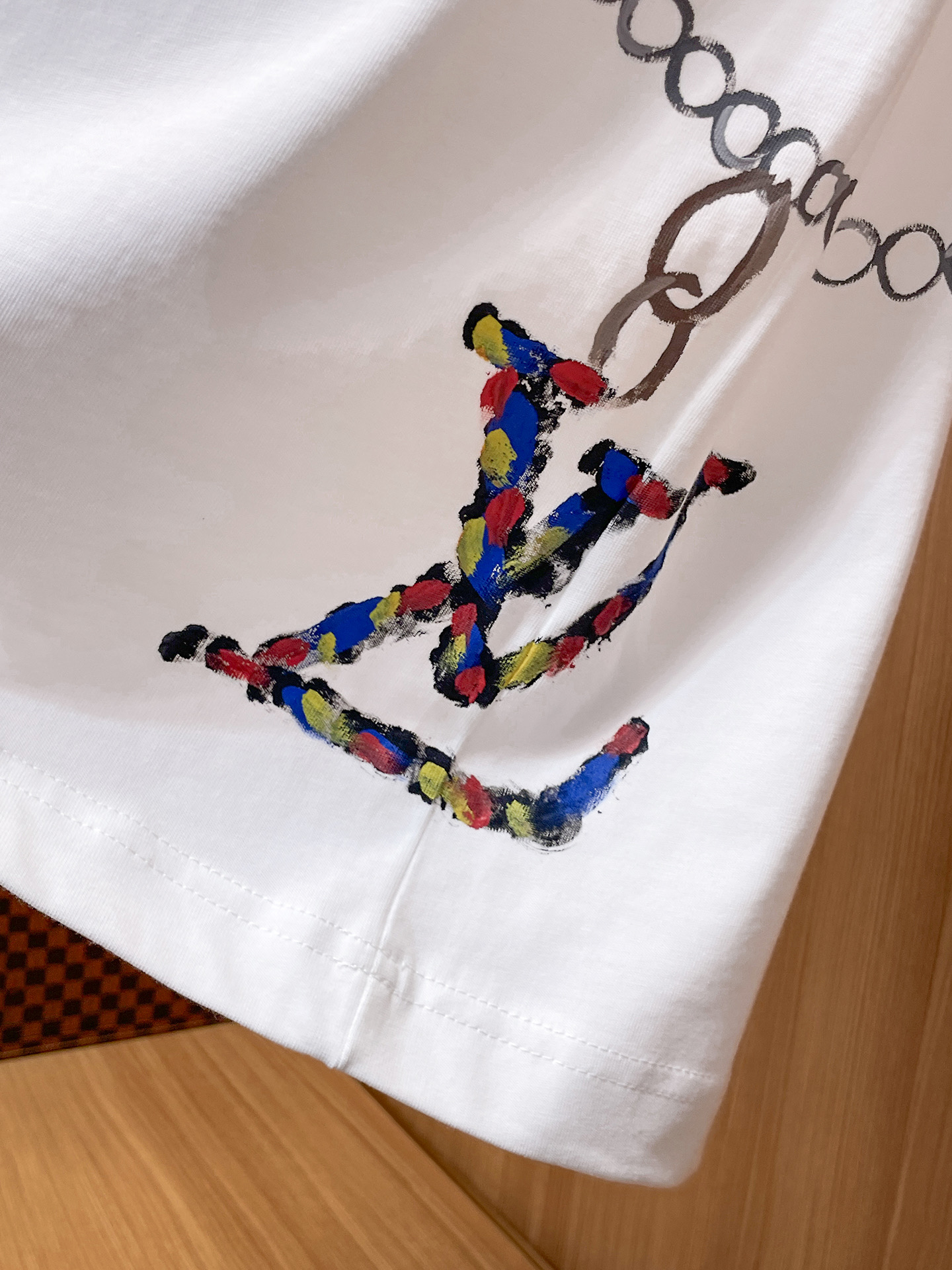 路易威登LV26春夏新品专柜首发最新款短袖圆领T恤 高端订制 设计前卫时尚！品牌logo手绘重工艺设计，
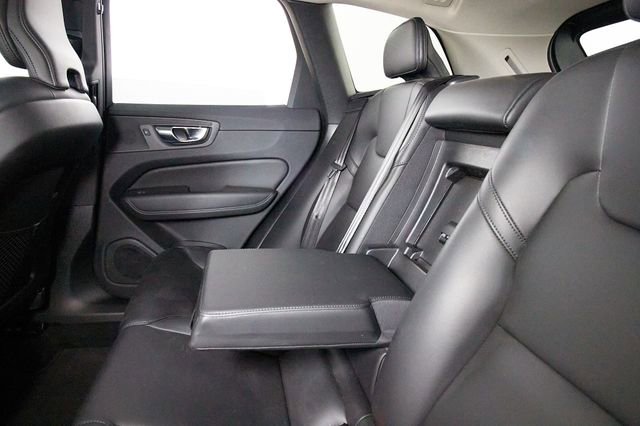 Certified 2025 Volvo XC60 B5 Core image 26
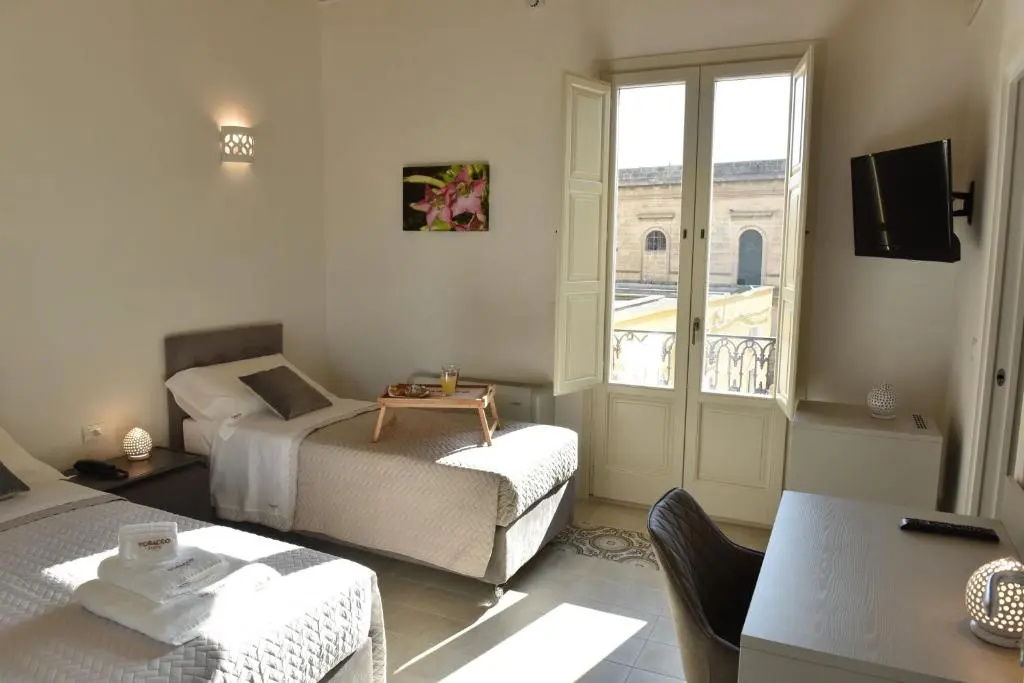 Deluxe Double room with balcony (full double bed)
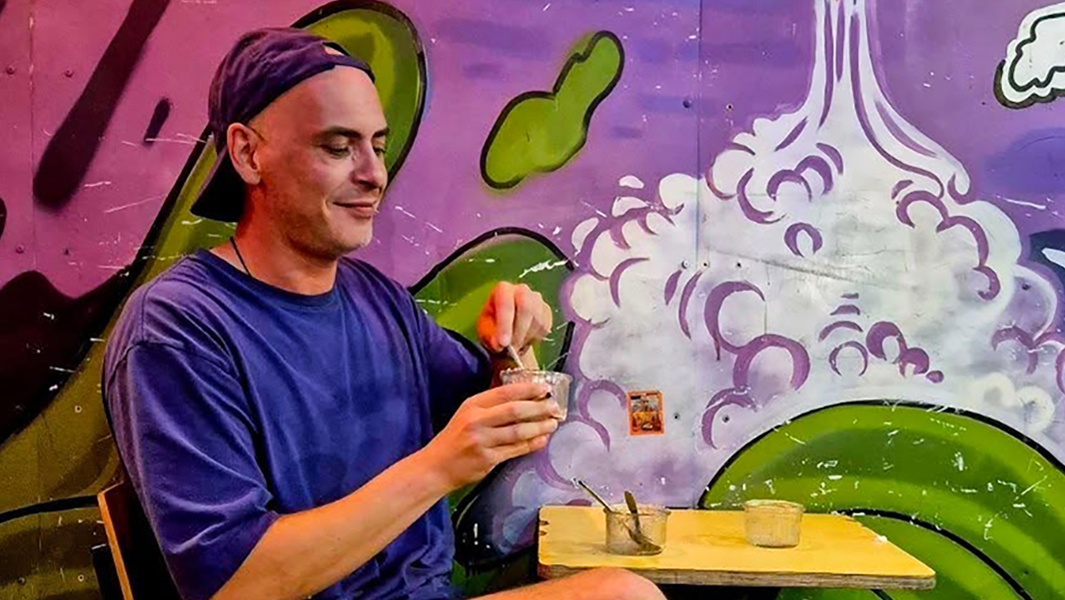 Уехавший из РФ бывший ведущий Первого канала похвастался преимуществом Израиля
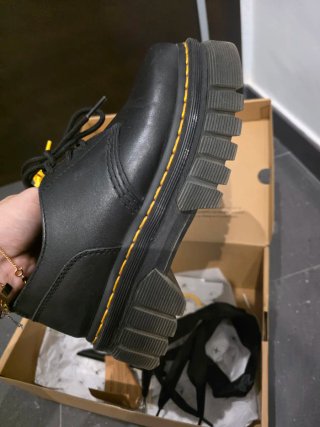 Zapatos Dr. Martens negros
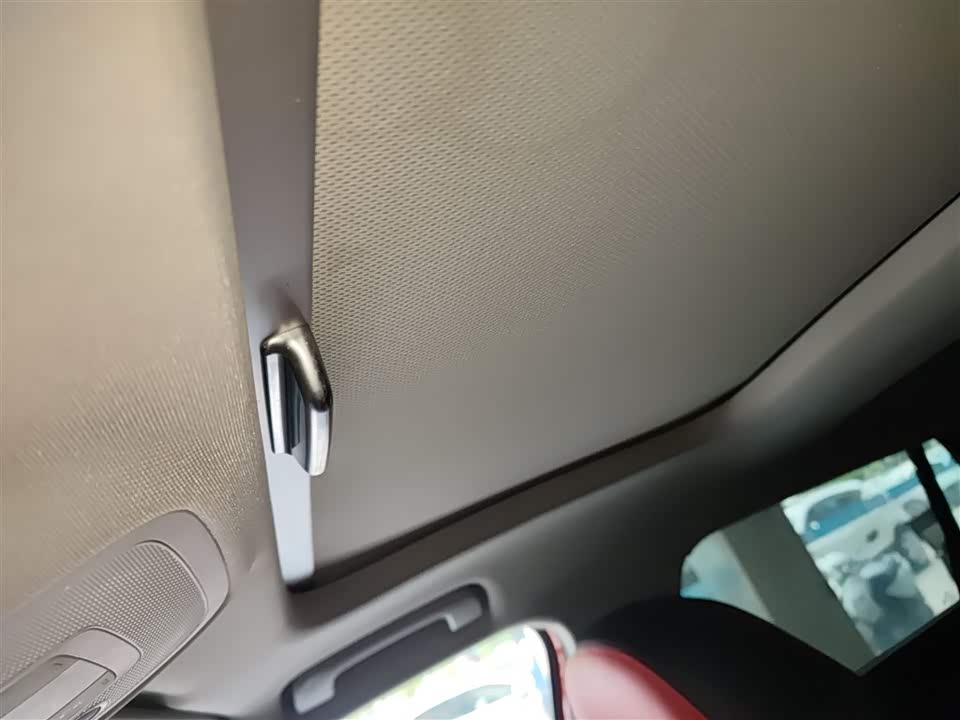 Audi Q2L Audi Q2L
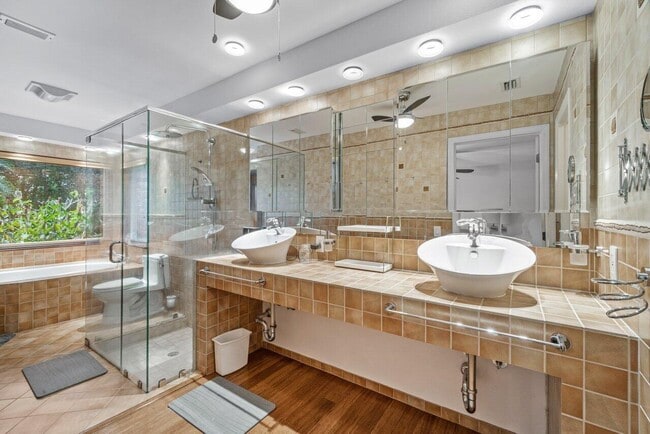 Building Photo - 2598 NW 27th St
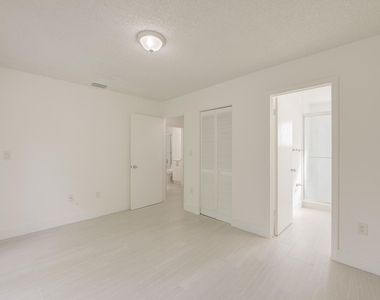 2100 Brickell Avenue - Photo Thumbnail 16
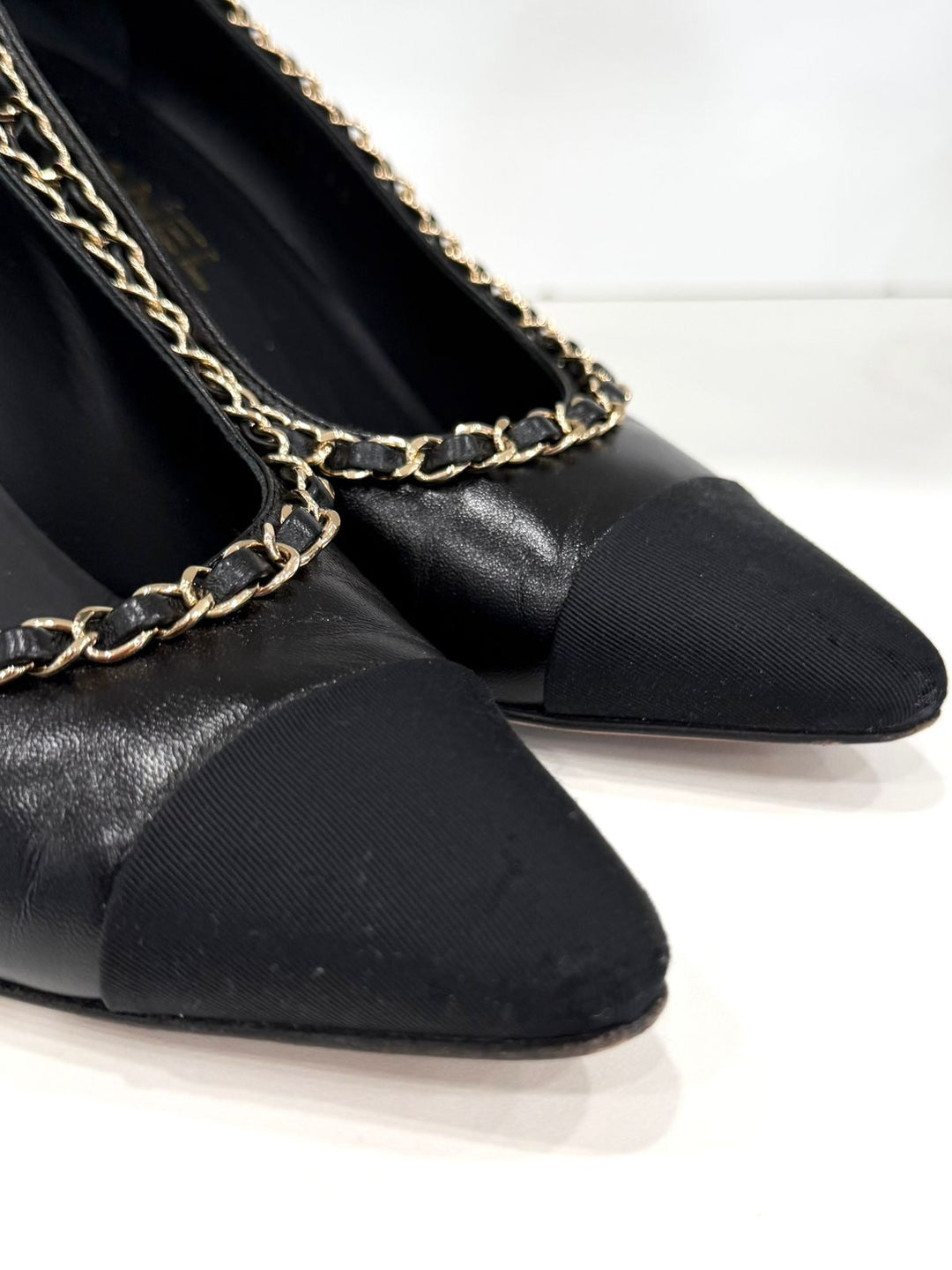 CHANEL CC CHAIN AROUND CALFSKIN LEATHER PUMPS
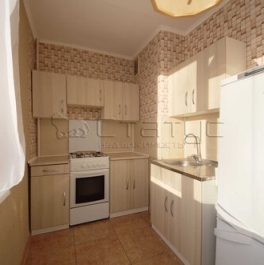 Продажа 2-комн квартиры на вторичном рынке ул Купчинская,  д. 8,  к. 1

===============

> _Instructions to follow_
Without any pictures, retype the records above exactly.

> _Solution to the problem_
 路易威登LV26春夏新品专柜首发最新款短袖圆领T恤 高端订制 设计前卫时尚！品牌logo手绘重工艺设计，
 Certified 2025 Volvo XC60 B5 Core image 26
 Deluxe Double room with balcony (full double bed)
 Уехавший из РФ бывший ведущий Первого канала похвастался преимуществом Израиля
 Zapatos Dr. Martens negros
 Audi Q2L Audi Q2L
 Building Photo - 2598 NW 27th St
 2100 Brickell Avenue - Photo Thumbnail 16
 CHANEL CC CHAIN AROUND CALFSKIN LEATHER PUMPS
 Продажа 2-комн квартиры на вторичном рынке ул Купчинская,  д. 8,  к. 1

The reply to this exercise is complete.